Uhh why. No offense but it's excessive. If you have Adobe Elements use the Save for Web option.

If anything the White Balance and levels need adjusting Artifacts in this case aren't that big of a deal.


----------



## Runefox (Jun 19, 2010)

Arshes Nei said:


> Uhh why. No offense but it's excessive. If you have Adobe Elements use the Save for Web option.

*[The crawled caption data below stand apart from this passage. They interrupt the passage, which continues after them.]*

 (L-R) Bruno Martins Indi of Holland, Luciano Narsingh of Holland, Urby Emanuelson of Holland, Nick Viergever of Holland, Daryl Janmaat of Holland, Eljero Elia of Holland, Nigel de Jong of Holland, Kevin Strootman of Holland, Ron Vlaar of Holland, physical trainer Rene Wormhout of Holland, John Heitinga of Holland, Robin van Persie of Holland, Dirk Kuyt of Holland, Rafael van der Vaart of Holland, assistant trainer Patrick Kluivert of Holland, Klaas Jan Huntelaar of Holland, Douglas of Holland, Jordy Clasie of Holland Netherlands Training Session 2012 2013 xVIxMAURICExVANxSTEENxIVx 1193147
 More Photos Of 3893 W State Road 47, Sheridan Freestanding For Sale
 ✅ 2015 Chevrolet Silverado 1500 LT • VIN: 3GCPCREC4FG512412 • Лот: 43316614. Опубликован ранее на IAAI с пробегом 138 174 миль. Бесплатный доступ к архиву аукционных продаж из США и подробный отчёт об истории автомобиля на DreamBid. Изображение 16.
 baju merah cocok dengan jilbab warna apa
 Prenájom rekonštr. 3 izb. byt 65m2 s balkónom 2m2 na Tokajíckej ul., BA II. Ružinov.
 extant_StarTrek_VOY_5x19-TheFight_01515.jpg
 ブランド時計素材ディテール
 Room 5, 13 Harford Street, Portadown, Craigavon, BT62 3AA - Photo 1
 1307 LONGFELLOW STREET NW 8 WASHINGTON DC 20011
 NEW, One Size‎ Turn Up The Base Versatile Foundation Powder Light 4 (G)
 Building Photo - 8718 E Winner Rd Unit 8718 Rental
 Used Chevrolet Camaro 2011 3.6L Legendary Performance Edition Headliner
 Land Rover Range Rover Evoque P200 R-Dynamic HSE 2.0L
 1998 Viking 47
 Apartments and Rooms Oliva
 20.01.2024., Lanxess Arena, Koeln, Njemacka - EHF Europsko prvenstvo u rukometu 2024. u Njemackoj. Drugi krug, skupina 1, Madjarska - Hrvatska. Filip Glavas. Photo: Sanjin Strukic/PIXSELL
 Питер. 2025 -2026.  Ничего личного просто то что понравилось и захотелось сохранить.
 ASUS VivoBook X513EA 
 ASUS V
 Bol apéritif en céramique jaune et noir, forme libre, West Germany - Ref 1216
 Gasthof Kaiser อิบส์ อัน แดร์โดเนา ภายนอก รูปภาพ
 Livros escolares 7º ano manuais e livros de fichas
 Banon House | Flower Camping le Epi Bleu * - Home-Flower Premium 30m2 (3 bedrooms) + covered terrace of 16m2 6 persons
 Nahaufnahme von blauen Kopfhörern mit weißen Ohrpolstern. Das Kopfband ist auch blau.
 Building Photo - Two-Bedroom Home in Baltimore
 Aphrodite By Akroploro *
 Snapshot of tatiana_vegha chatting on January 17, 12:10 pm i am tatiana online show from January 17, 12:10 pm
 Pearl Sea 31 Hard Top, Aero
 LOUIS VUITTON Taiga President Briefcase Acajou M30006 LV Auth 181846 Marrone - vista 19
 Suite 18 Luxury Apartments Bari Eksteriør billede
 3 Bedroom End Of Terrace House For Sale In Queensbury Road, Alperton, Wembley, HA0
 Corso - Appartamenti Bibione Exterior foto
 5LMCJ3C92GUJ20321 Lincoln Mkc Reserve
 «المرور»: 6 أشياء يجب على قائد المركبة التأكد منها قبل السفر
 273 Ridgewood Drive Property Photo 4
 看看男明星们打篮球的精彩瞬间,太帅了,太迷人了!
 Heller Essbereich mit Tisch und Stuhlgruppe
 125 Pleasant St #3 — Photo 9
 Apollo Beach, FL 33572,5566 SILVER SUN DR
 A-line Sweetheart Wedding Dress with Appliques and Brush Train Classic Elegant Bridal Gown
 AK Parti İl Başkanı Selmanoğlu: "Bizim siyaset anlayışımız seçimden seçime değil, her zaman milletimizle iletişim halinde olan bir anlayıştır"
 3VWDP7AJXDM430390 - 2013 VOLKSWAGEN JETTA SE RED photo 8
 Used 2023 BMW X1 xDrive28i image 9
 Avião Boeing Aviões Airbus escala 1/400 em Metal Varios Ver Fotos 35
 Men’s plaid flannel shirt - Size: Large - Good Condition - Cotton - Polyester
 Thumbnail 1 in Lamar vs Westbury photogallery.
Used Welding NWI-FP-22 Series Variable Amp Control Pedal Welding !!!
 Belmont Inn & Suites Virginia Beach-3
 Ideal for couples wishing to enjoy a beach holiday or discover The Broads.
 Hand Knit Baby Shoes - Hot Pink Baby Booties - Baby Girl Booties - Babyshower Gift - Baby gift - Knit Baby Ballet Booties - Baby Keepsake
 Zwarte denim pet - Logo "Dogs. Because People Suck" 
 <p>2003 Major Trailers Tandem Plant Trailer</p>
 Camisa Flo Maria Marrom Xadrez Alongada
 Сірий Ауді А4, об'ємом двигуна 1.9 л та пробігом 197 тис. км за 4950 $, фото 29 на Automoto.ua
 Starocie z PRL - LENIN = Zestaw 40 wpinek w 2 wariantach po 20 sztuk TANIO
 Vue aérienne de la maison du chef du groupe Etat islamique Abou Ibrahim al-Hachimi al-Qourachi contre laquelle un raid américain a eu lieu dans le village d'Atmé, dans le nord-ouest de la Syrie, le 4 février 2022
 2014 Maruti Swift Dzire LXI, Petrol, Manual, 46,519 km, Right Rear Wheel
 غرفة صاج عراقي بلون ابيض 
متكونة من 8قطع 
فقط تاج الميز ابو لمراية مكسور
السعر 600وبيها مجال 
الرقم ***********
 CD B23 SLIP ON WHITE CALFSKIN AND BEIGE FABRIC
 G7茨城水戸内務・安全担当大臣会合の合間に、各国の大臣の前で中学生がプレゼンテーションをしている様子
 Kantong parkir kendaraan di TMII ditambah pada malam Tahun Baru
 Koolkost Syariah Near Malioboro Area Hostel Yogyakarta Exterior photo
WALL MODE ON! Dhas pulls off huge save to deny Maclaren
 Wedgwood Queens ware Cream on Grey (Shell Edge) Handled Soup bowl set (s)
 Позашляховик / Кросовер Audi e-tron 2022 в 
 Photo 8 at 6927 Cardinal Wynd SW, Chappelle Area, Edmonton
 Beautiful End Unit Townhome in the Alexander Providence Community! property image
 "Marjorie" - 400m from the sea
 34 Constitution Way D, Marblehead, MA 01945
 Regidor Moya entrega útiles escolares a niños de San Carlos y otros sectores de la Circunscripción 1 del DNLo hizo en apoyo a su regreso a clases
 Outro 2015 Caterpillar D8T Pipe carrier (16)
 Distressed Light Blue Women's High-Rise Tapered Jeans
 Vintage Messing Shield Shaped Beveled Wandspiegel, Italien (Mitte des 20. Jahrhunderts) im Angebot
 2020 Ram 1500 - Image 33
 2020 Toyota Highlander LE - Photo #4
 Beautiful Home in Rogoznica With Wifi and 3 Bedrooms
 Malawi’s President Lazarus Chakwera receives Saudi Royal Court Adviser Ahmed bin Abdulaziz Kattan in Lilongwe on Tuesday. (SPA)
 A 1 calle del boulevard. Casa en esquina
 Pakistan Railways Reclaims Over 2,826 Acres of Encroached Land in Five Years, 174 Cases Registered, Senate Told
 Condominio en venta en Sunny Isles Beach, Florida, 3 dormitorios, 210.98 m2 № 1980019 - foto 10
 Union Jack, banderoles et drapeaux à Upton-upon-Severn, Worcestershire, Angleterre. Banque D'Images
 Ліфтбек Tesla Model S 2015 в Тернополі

You misunderstand me... Until preparing to upload to the net, staying away from JPEG is a Good Thing(TM). If you notice, the submission file is a PNG, yet still has JPEG artifacts, which means JPEG was used at some point beforehand. JPEG is only appropriate for when the image is ready to be uploaded to save on the filesize.


----------



## Bir (Jun 19, 2010)

I scanned it in as a PNG. I never use JPEG unless I don't know about it. In this case, the picture was never a JPG. Maybe some other things are off. I learned that way back when I played Neopets. : /

But either way it's much better now. I'm gonna play around with more scans to see how much better I can get it, but for now I'm content. ^^


----------



## Arshes Nei (Jun 19, 2010)

Runefox said:


> You misunderstand me... Until preparing to upload to the net, staying away from JPEG is a Good Thing(TM). If you notice, the submission file is a PNG, yet still has JPEG artifacts, which means JPEG was used at some point beforehand. JPEG is only appropriate for when the image is ready to be uploaded to save on the filesize.


 
That could  be (FA's system) trying to compress, FA doesn't handle pngs very well tbh, but then I can't entirely blame FA. I noticed users tend to do bad scans regardless.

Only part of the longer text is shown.